In a surprise announcement at today’s San Francisco Arts Commission meeting, Director of Cultural Affairs Ralph Remington said he would move into an advisory capacity and fully retire on June 30, 2026.
Ralph Remington to Step Down as SF’s Director of Cultural Affairs

I have made the decision to step back from my current role as Director of Cultural Affairs to support the future objectives and vision of Mayor Lurie’s combined arts and culture department,” Remington said.
Remington has held the role since January 2021. According to his statement at today’s meeting, Deputy Directors Sarah Hollenbeck and Ebon Glenn will “guide operations and programming through this period of change.” Later in the meeting, he delivered his final “Director’s Report.”
Remington came to the SFAC from Tempe, Arizona, where he served as the deputy director for arts and culture. Prior to that, he worked for Actors Equity Association in Los Angeles and the National Endowment for the Arts (NEA) in Washington, D.C., and served on the city council in Minneapolis. He graduated from Howard University and has a background as a playwright, actor and screenwriter. A book of his essays, Penetrating Whiteness: How White Supremacy Built America, will be published by Books That Save Lives on Feb. 3.
His retirement comes during a time of turbulence for San Francisco’s arts ecosystem. The SFAC meeting was just days after Lurie announced the creation of a new position to oversee a merger of the SFAC, Grants for the Arts, and the Film Commission.

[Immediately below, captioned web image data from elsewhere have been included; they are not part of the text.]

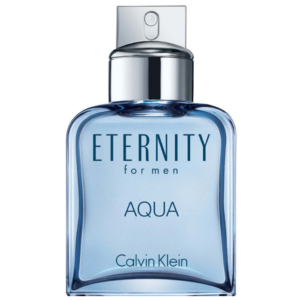 Calvin Klein Eternity Aqua for Men :كالفين كلاين اكوا اتيرنتي للرجال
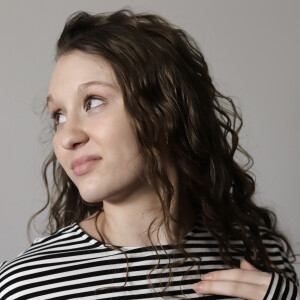 Karolína Vlčková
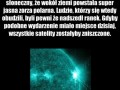 Jak szybko stracić gps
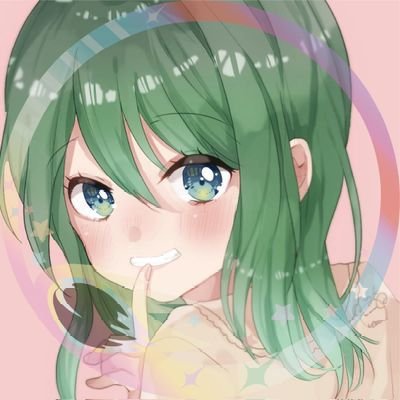 樹乃。さんのプロフィール画像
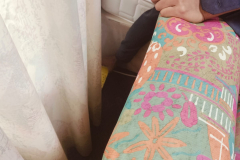 WhatsApp-Image-2026-04-03-at-7.22.16-PM-2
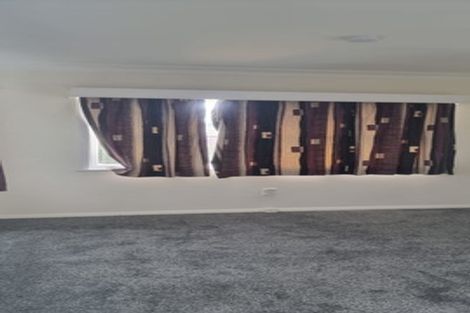 Photo of property in 117 Manuroa Road, Takanini, 2112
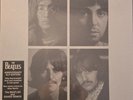 The Beatles White Album & Esher Demos 4 vinyl LP boxed set SEALED 2018 Anniv Ed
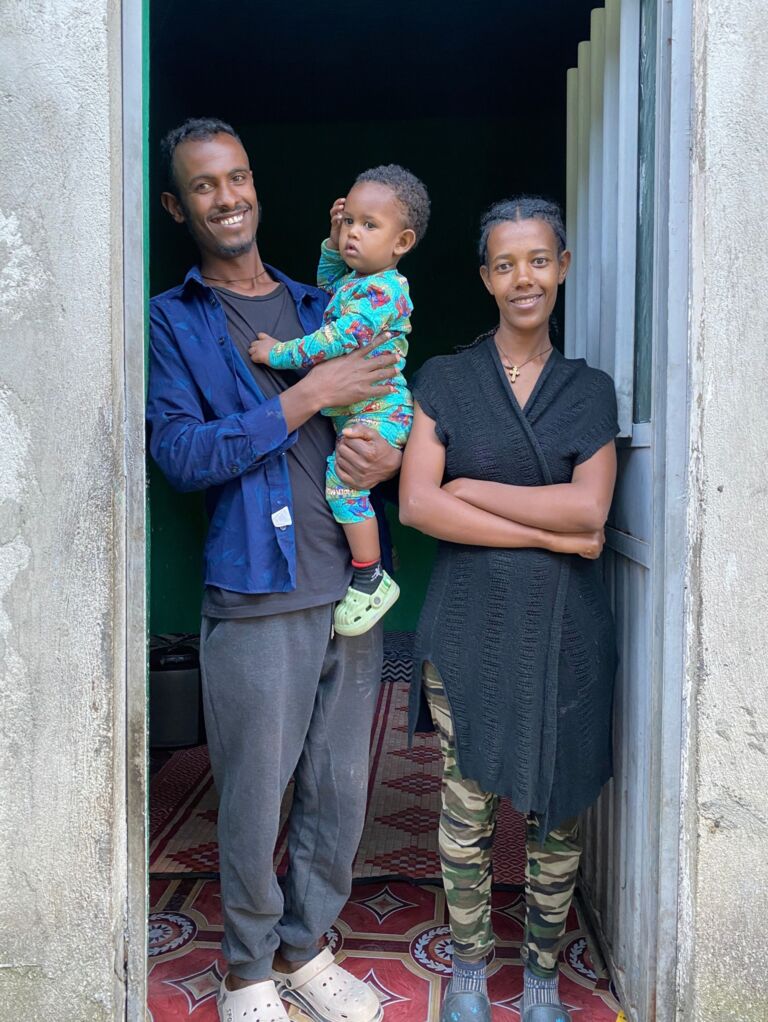 Meseret Gizaw portrait.jpg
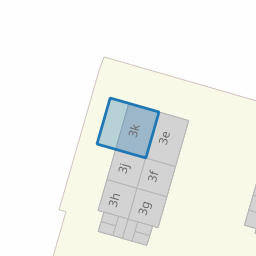 Perceel WML00-N-1573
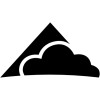 axiom cloud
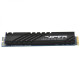 PATRIOT Viper VP4100 1 TB (VP4100-1TBM28H)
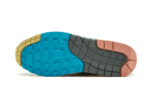 Sean Wotherspoon - Image 8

That same day, news broke that the Mission Cultural Center for Latino Arts had suddenly closed due to financial distress — after 49 years as a hub of Latino dance, theater, graphic arts and music.
Public comment at the meeting reproached the arts commissioners — a volunteer, mayor-appointed board — for a lack of action and urgency as an avalanche of closures has rocked the local arts community.